Abstract
Longitudinal biomarker data and cross-sectional outcomes are routinely collected in modern epidemiology studies, often with the goal of informing tailored early intervention decisions. For example, hormones, such as estradiol (E2) and follicle-stimulating hormone (FSH), may predict changes in womens’ health during the midlife. Most existing methods focus on constructing predictors from mean marker trajectories. However, subject-level biomarker variability may also provide critical information about disease risks and health outcomes. Current literature does not provide statistical models to investigate such relationships with valid uncertainty quantification. In this paper we develop a fully Bayesian joint model that estimates subject-level means, variances, and covariances of multiple longitudinal biomarkers and uses these as predictors to evaluate their respective associations with a cross-sectional health outcome. Simulations demonstrate excellent recovery of true model parameters. The proposed method provides less biased and more efficient estimates, relative to alternative approaches that either ignore subject-level differences in variances or perform two-stage estimation where estimated marker variances are treated as observed. Empowered by the model, analyses of women’s health data reveal, for the first time, that larger variability of E2 was associated with slower increases in waist circumference across the menopausal transition.
Funding Statement
This work was supported by National Institute on Aging Grant 1-R56-AG066693. Zhenke Wu and Irena Chen were were also partially supported in part by seed grants from Michigan Institute of Data Science and Michigan Precision Health.
Acknowledgments
The Study of Women’s Health Across the Nation (SWAN) has grant support from the National Institutes of Health (NIH), DHHS, through the National Institute on Aging (NIA), the National Institute of Nursing Research (NINR), and the NIH Office of Research on Women’s Health (ORWH) (Grants U01NR004061; U01AG012505, U01AG012535, U01AG012531, U01AG012539, U01AG012546, U01AG012553, U01AG012554, U01AG012495, and U19AG063720).

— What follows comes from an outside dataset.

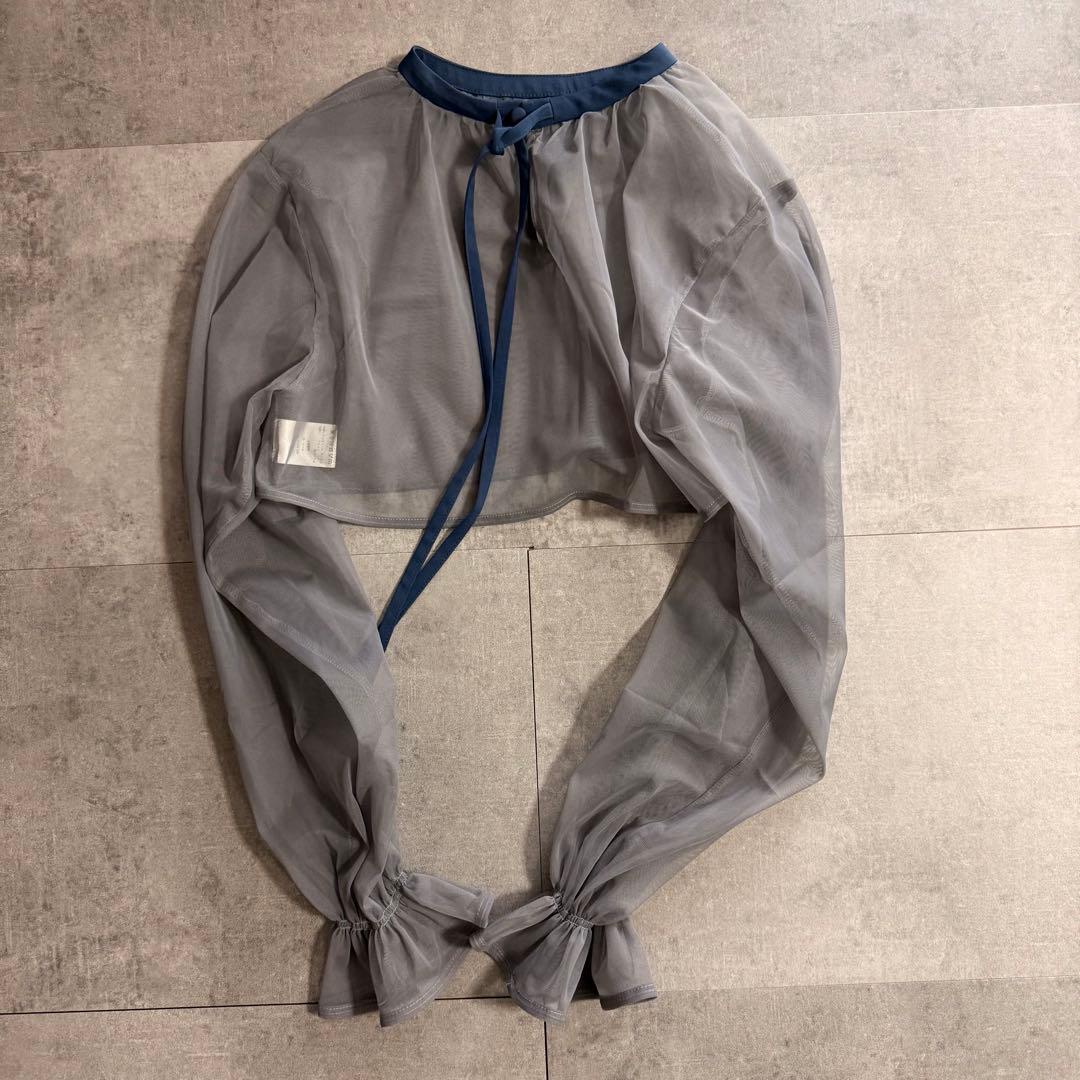 etoll. 3WAY チュールボレロ レース キャミワンピース オケージョン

This work also was supported by National Institute on Aging Grant 1-R56-AG066693. The content of this article is solely the responsibility of the authors and does not necessarily represent the official views of the NIA, NINR, ORWH, or the NIH. This research also was supported in part through computational resources and services provided by Advanced Research Computing (ARC), a division of Information and Technology Services (ITS) at the University of Michigan, Ann Arbor.

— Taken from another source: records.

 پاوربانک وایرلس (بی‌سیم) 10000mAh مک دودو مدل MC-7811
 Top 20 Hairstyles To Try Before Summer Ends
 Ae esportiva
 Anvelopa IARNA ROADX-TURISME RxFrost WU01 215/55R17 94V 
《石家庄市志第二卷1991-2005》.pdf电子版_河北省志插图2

Clinical Centers: University of Michigan, Ann Arbor—Carrie Karvonen-Gutierrez, PI 2021–present, Siobán Harlow, PI 2011–2021, MaryFran Sowers, PI 1994–2011; Massachusetts General Hospital, Boston, MA—Sherri-Ann Burnett-Bowie, PI 2020–present; Joel Finkelstein, PI 1999–2020; Robert Neer, PI 1994–1999; Rush University, Rush University Medical Center, Chicago, IL—Imke Janssen, PI 2020–Present; Howard Kravitz, PI 2009–2020; Lynda Powell, PI 1994–2009; University of California, Davis/Kaiser—Elaine Waetjen and Monique Hedderson, PIs 2020–present; Ellen Gold, PI 1994–2020; University of California, Los Angeles—Arun Karlamangla, PI 2020–present; Gail Greendale, PI 1994–2020; Albert Einstein College of Medicine, Bronx, NY—Carol Derby, PI 2011–present, Rachel Wildman, PI 2010–2011; Nanette Santoro, PI 2004–2010; University of Medicine and Dentistry–New Jersey Medical School, Newark—Gerson Weiss, PI 1994–2004, and the University of Pittsburgh, Pittsburgh, PA—Rebecca Thurston, PI 2020–present; Karen Matthews, PI 1994–2020.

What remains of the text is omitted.